This essay argues that at least
five main versions of the sublime have recently tried to
account for its excessive or transgressive structure.
Psychoanalysis, taken generally, is committed to explaining
the phantasmal structure by which we typically compensate
for otherwise unsustainable losses of psychic integrity by
educational or progressive advances elsewhere. But the
sublime’s aesthetic component allows it
an opt-out clause freeing it from complete imprisonment
within a psychic economy. The same goes for its putative
escape from normative linguistic patterning. The paper
defends the sublime’s irresponsibility
here against the scepticism of critics from Weiskel to de
Man. The same exorbitance is then investigated in political
and historical contexts, again reading these with or
against a tradition of commentary on the sublime. Finally,
the post-modern sublime’s attempts to
conceive of a politically exemplary but unavowable
community is considered, and this final harnessing of the
sublime to further an educational impetus evaluated.
[go to essay]
Frances Ferguson, "Educational
Rationalization / Sublime Reason."
Like a modern writer like
Pierre Bourdieu who is continually looking at the ways in
which it is possible to draw distinctions between
apparently identical terms (as he does when he notes the
different values of the same gift given at different
times), educational writers like Rousseau, Barbauld,
Bentham, and Kant portrayed education as a process of
recognizing the difference between apparent similarities
and identities (and the identity of apparent contrasts).
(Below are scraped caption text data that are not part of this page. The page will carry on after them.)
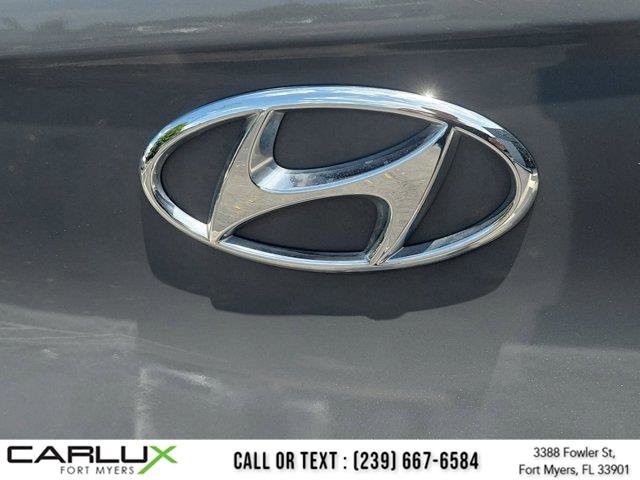 Used 2020 Hyundai Venue SE FWD image 10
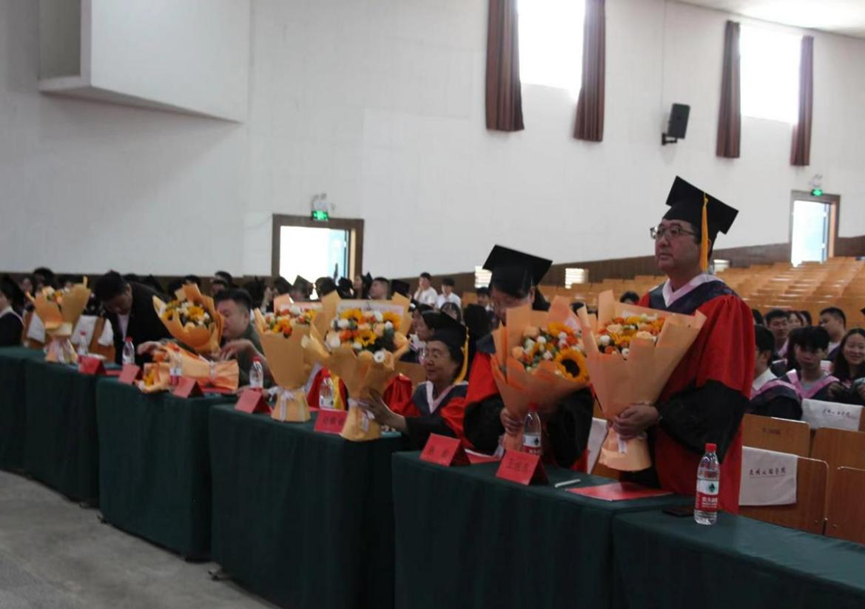 4b952d69828d868238bc332073130a16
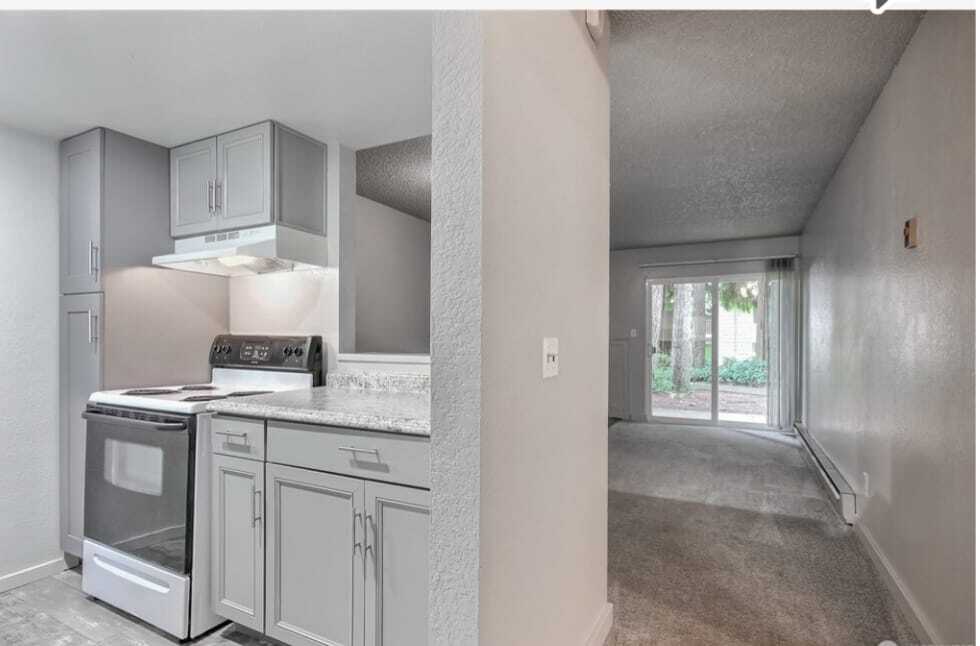 33010 17th Pl S in Federal Way, WA - Building Photo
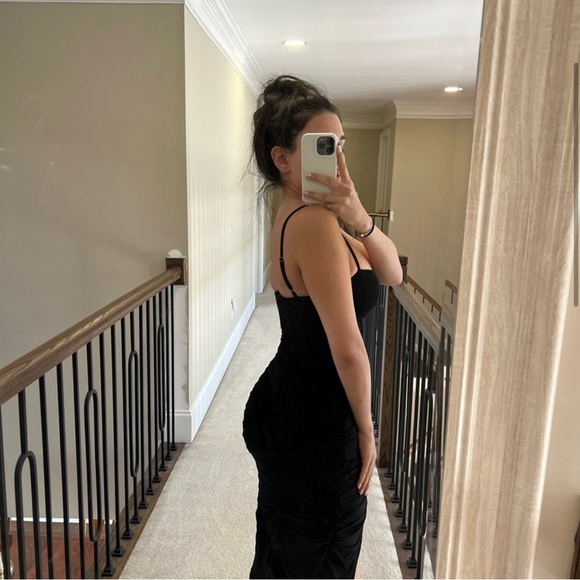 Beautiful BLACK DRESS 🖤✨ - Picture 3 of 3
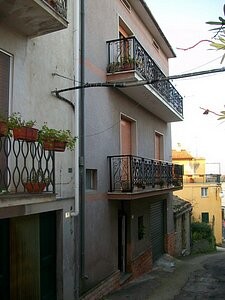 Large habitable property 15 minutes to..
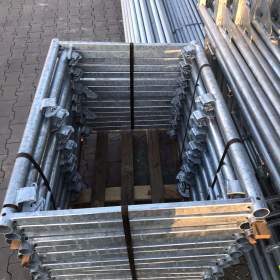 Foto inzerátu Fasádní lešení BAUMANN a LAYHER – nové, robustní, ocelové 4,3 X 18,42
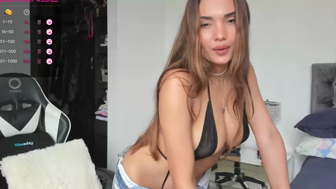 exoticcute Chaturbate recording at 2023-06-15 20:28:00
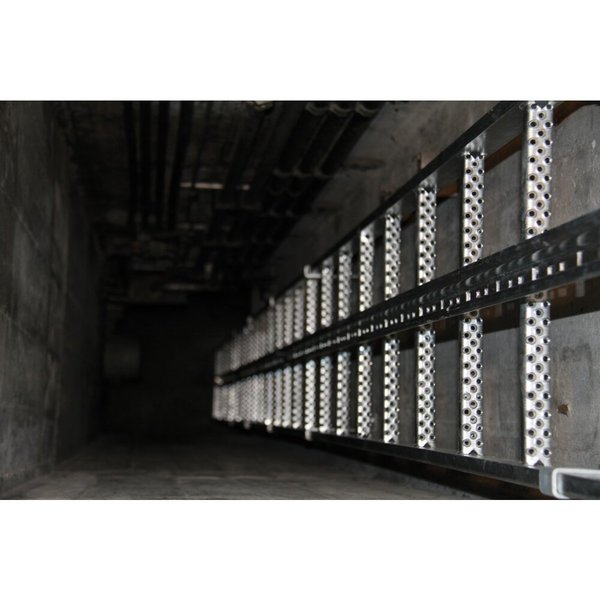 Günzburger Steigtechnik Schachtleiter Stahl feuerverzinkt 400mm Lichte Weite 12 Sprossen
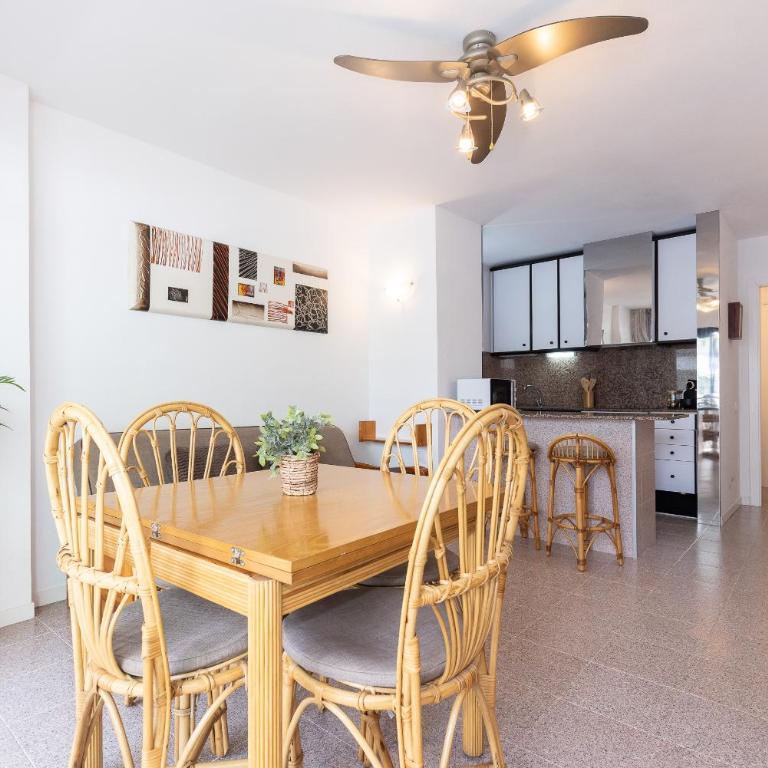 UHC Niza Apartments - Apartamento de 2 dormitorios con vistas a la piscina - 11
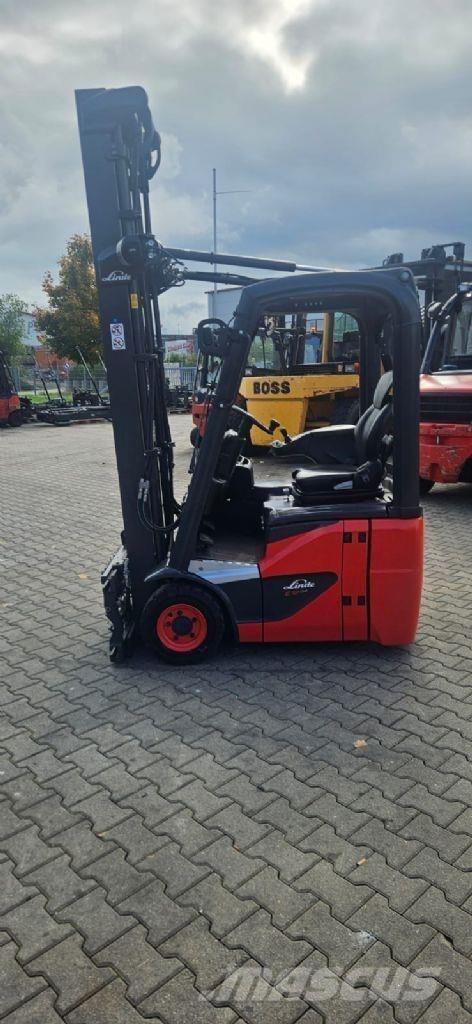Linde E 12-02 Електрически вилични кари-повдигачи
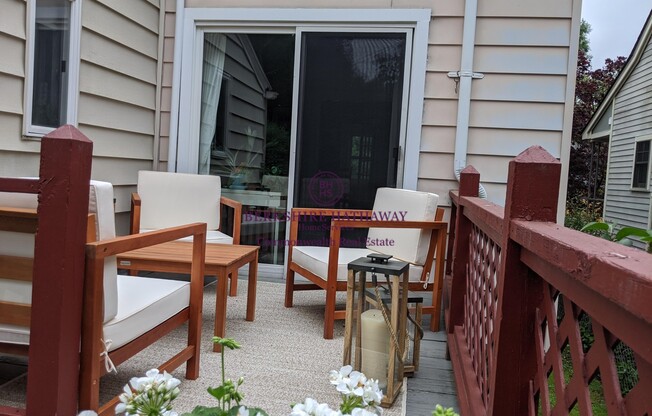 16 IVY ST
They were, that is, shifting attention from the notion of
content and the transmission of a body of knowledge to a
more insistent attention to context and
relationship—the perception of relative
value. For a certain strand of thinker (such as Joseph
Priestley) this constant attention to shifting values leads
to an insistence on the idea of progress itself (rather
than attaining particular goals). A writer like Kant,
however, reverses this forward-lookingness, to discover in
the young and virtually untutored child the foundational
importance of practical reason—in the
form of an interest in gossip, which is in his account a
benign activity of moral entertainment.
[go to essay]
Ian Balfour, "Afterthoughts on the
Sublime and Education; or, 'Teachable
Moments?'"
This essay provides a
commentary on and critique of the other essays in the
volume. It tracks the claims of the several essays with
attention to the status of the examples adduced and the
give and take between examples and theoretical paradigms.
There is also some consideration of the historical
continuities and discontinuities of the theory and the
productions of the sublime.
[go to essay]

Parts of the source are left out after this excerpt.